Federal judge halts execution of Michael Tisius for hearing on juror’s literacy
KANSAS CITY, Mo. (KCTV) - 42-year-old Michael Tisius, who was scheduled to die by lethal injection on Tuesday, has received a stay of execution from a federal judge after discovering last month that one of the jurors on Tisius’s case may have been unable to read or write.
Originally presented and dismissed at the state level, Tisius’s legal team again filed to federal courts where today U.S. District Judge Stephen R. Bough granted Tisius a stay of execution until a hearing on the juror’s literacy can be held.
The juror could not review key pieces of evidence presented in the court such as letters and expert reports, according to Tisius’s legal team. An illiterate or non-native English speaker may not serve on a jury under Missouri law.

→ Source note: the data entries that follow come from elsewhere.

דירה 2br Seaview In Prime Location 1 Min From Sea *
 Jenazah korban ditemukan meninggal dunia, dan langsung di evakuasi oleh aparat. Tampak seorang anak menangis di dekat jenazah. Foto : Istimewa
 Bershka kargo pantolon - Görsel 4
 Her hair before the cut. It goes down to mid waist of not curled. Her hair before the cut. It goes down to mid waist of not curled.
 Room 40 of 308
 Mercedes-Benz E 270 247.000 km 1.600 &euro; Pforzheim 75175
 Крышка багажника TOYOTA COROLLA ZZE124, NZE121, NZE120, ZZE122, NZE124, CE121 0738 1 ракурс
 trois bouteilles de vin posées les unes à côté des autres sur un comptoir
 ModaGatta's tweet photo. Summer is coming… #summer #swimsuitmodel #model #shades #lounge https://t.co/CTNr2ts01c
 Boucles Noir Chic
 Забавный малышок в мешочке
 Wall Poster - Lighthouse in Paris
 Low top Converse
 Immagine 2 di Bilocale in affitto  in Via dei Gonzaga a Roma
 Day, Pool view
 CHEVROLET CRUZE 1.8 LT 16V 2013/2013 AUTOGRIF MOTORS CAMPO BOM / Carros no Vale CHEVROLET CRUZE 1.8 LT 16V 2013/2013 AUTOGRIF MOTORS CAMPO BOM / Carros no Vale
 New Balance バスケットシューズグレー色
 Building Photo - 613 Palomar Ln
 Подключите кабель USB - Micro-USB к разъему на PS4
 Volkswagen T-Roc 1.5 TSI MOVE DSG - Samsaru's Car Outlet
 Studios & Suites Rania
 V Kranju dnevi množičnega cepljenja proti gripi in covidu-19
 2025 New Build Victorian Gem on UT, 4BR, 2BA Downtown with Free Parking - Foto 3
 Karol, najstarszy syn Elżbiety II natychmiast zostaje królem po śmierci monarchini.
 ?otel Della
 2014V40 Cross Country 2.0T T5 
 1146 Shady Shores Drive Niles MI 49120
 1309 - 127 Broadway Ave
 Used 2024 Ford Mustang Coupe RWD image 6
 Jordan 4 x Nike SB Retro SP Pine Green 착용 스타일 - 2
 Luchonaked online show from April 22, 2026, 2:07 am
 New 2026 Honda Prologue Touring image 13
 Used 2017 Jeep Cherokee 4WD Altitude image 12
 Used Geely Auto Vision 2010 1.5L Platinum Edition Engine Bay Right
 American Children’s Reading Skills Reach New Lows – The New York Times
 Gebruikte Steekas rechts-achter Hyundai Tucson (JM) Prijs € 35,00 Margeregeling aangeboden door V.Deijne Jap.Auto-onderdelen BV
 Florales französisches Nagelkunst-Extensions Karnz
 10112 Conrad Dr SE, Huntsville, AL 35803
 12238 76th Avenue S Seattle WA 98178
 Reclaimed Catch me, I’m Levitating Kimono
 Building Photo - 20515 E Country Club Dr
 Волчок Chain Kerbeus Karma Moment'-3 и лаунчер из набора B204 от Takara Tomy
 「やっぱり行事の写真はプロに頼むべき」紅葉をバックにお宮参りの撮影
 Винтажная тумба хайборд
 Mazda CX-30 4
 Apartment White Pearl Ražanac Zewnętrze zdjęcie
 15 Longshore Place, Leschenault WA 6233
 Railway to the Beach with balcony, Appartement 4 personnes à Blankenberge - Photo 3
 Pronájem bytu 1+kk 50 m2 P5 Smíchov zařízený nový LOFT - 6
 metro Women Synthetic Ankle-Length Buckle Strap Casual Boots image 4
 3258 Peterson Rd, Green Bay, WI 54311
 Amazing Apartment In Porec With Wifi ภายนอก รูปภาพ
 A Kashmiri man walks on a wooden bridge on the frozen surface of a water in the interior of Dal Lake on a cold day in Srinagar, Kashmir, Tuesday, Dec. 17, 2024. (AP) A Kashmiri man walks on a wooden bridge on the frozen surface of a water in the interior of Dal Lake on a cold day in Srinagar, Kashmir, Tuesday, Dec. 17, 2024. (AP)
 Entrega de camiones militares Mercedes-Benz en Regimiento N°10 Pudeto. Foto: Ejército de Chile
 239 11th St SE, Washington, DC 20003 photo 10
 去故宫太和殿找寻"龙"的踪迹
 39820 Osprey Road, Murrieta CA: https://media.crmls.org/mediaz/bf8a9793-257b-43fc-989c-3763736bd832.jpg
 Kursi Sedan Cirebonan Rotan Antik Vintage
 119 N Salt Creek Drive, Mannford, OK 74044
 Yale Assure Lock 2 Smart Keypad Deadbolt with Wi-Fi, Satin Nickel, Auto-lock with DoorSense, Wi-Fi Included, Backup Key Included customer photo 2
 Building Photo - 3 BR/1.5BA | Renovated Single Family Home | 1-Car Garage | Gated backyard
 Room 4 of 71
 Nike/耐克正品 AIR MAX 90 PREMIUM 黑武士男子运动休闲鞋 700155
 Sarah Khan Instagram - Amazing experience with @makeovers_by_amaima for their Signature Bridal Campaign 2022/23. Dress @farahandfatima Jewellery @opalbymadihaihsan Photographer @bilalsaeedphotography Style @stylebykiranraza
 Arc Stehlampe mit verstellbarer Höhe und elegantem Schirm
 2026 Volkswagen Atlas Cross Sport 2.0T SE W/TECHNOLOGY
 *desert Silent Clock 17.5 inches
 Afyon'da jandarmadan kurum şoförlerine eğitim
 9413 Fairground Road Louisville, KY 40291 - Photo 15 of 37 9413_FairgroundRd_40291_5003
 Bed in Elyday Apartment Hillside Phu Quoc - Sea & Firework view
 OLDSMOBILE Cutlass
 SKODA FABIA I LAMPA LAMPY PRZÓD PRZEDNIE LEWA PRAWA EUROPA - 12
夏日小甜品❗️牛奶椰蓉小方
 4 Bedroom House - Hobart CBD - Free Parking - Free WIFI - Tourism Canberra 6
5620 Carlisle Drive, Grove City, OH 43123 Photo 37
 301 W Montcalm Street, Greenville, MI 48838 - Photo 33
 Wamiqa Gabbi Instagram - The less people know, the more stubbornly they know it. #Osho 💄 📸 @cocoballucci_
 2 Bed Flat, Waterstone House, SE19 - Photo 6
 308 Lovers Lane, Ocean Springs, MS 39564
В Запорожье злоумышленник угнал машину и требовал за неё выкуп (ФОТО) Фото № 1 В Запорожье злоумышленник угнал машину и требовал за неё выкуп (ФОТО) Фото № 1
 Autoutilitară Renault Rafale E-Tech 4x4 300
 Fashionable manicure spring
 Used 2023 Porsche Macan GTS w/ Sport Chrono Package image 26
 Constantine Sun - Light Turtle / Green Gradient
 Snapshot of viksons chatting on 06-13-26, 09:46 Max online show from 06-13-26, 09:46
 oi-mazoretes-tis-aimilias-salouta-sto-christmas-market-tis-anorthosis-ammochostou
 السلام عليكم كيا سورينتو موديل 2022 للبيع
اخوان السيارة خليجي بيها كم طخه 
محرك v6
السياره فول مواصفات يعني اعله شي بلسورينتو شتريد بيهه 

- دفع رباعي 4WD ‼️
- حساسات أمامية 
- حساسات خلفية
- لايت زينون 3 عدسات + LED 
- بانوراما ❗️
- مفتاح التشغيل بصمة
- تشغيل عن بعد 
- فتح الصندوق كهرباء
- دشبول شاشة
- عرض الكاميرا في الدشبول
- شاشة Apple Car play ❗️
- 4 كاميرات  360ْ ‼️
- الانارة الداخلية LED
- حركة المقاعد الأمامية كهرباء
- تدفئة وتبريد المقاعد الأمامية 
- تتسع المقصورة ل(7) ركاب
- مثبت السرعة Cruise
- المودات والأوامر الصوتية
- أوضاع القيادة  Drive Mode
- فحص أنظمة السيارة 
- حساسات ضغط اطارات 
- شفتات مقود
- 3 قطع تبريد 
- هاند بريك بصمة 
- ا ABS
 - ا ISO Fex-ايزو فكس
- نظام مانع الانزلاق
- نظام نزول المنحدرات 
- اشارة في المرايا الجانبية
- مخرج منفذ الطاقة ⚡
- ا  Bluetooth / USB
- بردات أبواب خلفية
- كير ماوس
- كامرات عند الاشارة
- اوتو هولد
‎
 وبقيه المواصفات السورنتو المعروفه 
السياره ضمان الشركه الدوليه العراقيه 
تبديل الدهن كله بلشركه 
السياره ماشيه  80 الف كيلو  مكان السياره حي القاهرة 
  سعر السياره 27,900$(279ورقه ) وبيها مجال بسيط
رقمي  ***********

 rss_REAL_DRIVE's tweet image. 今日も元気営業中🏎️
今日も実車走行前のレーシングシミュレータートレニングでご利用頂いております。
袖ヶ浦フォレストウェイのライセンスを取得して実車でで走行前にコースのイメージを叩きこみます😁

Tisius was convicted of was convicted of shooting and killing two county jailers at Randolph County Jail during a botched attempt to free a former cellmate in 2000, when he was 19. Tisius has spent over two decades in prison since his conviction in 2001, and has garnered support from the American Bar Association, Missourians to Abolish the Death Penalty and other activists who have urged Republican Missouri Gov. Mike Parson to grant Tisius clemency.
Activists argued that Tisius’s young age at the time of his conviction, childhood abuse and brain impairments affected his decision-making capacity and caused an increased delay in brain maturation.
Missouri has executed 95 inmates since 1976, when the death penalty was reinstated by the U.S. Supreme Court, and 17 people currently reside on death row. Since November, Missouri executed three people, joining just a handful of states who have utilized the death penalty this year compared to the vast majority of states who chose to abolish or not use the death penalty within the last decade. In early February, 58-year-old Leonard Taylor was executed for the 2004 murder of his girlfriend.